» **GIVEN DATA**
───

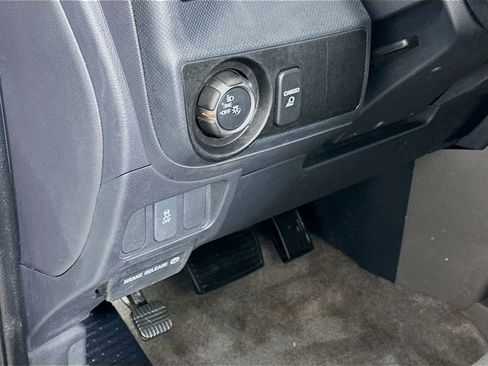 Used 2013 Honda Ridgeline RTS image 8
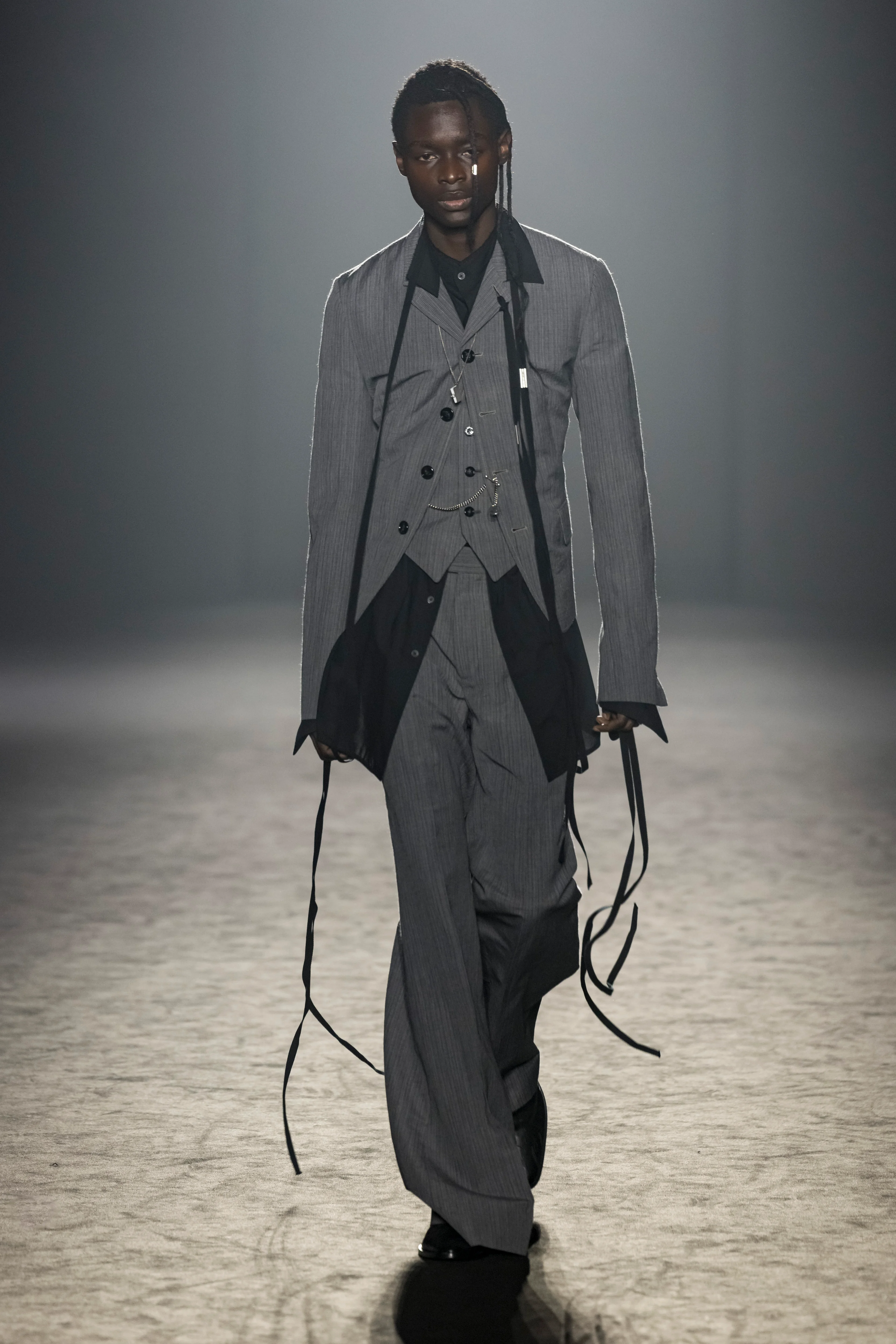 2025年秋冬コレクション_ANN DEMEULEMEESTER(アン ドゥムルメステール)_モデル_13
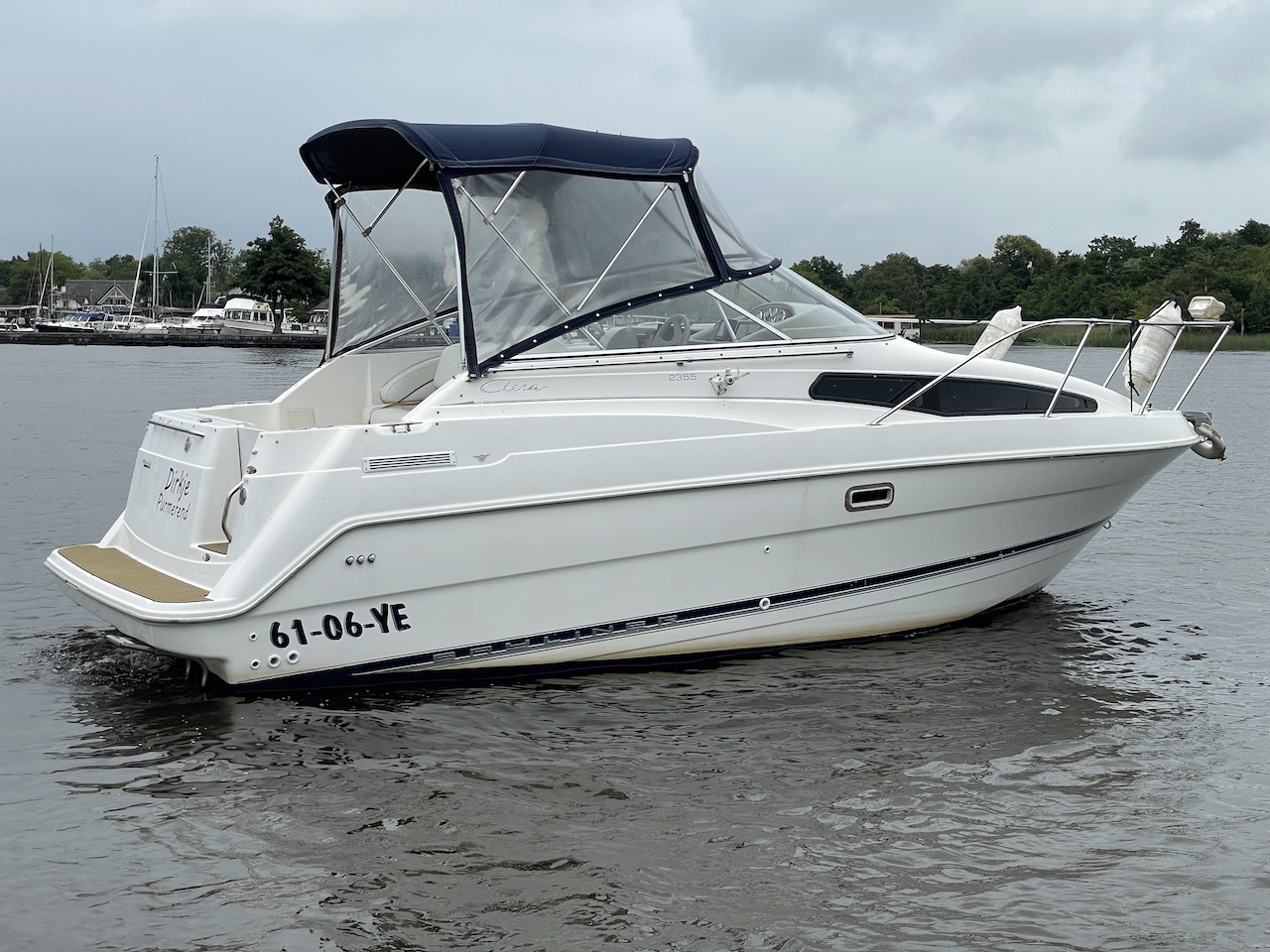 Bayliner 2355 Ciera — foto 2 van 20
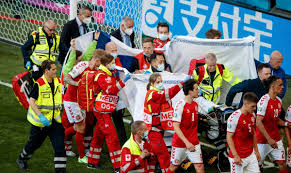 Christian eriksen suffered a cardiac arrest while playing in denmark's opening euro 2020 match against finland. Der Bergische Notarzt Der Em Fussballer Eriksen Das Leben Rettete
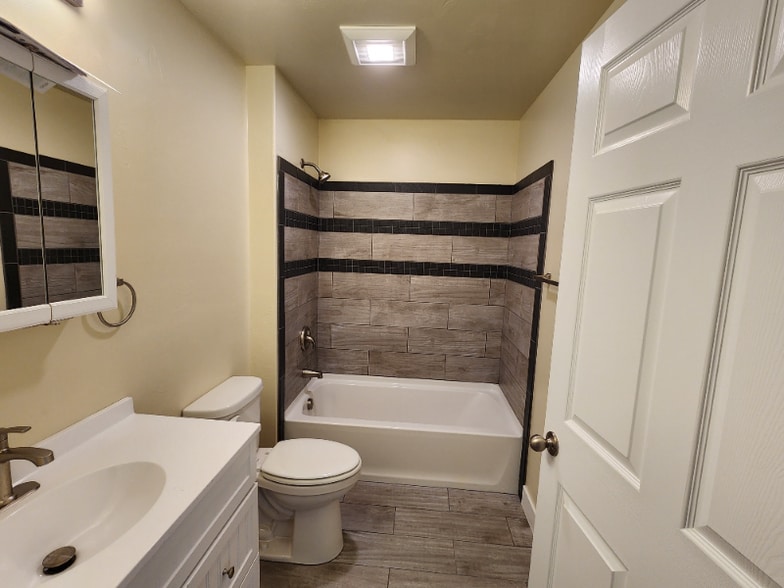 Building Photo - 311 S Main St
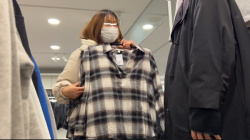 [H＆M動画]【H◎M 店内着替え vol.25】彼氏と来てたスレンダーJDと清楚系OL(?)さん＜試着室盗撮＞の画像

───

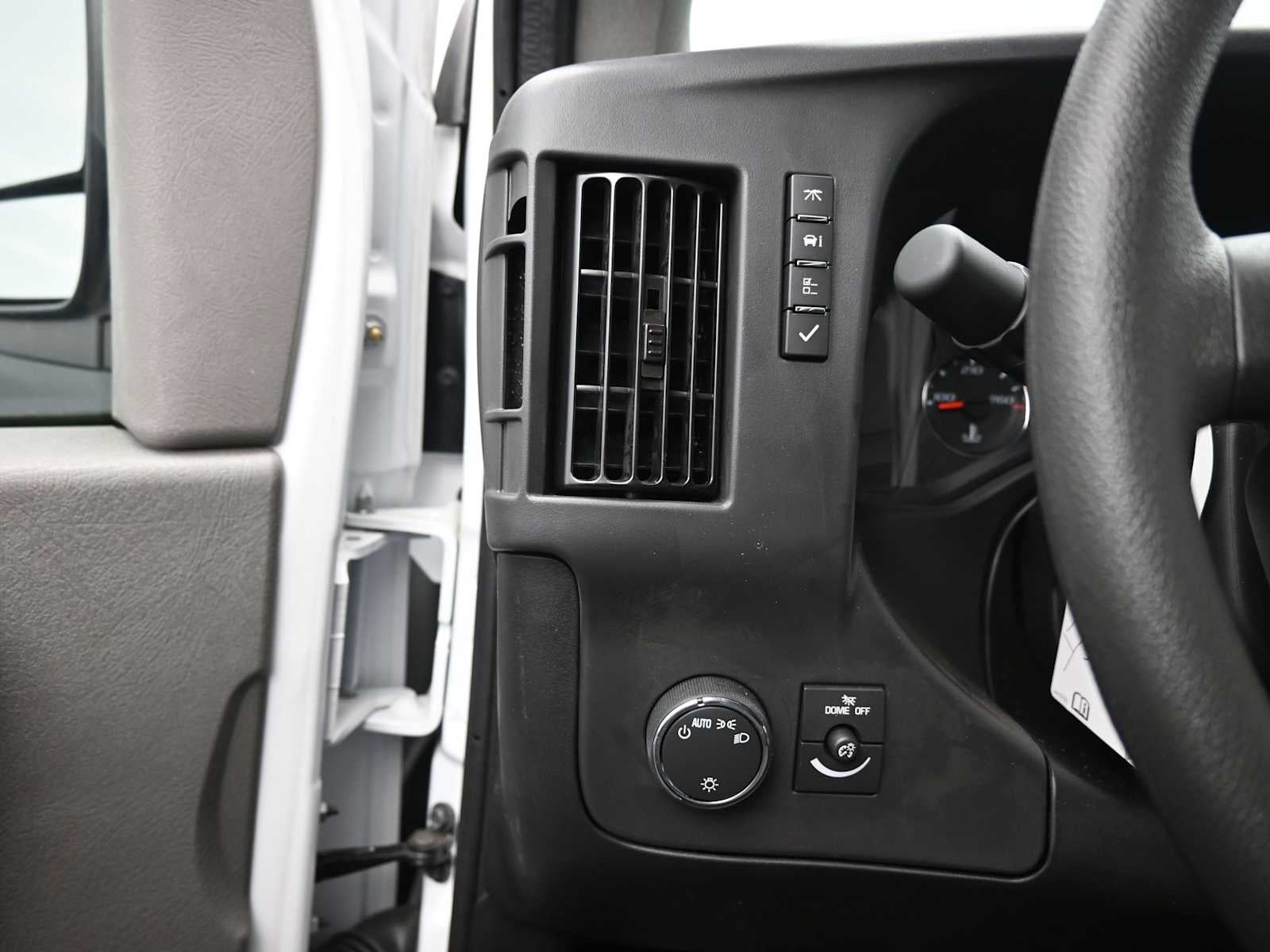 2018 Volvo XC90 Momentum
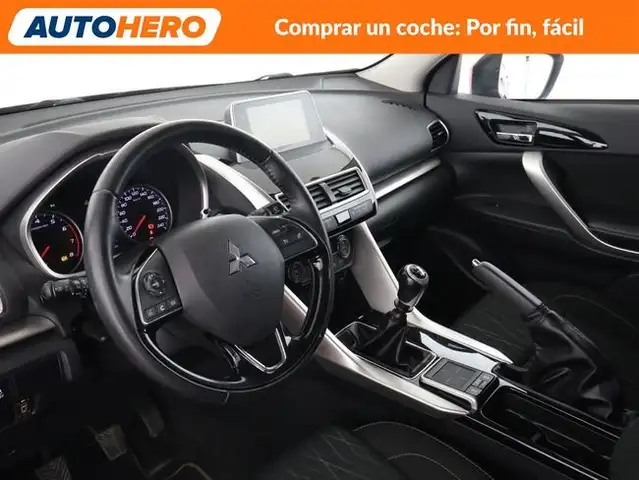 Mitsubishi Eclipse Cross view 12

───

» **WORK ORDER**
Output only the lines above from the one containing "Building Photo - 311 S Main St" to the one containing "[H＆M動画]【H◎M 店内着替え vol.25】彼氏と来てたスレンダーJDと清楚系OL(?)さん＜試着室盗撮＞の画像", both included, exactly as written and with no pictures.

» **RESULT OF THIS TASK**
 Building Photo - 311 S Main St
 [H＆M動画]【H◎M 店内着替え vol.25】彼氏と来てたスレンダーJDと清楚系OL(?)さん＜試着室盗撮＞の画像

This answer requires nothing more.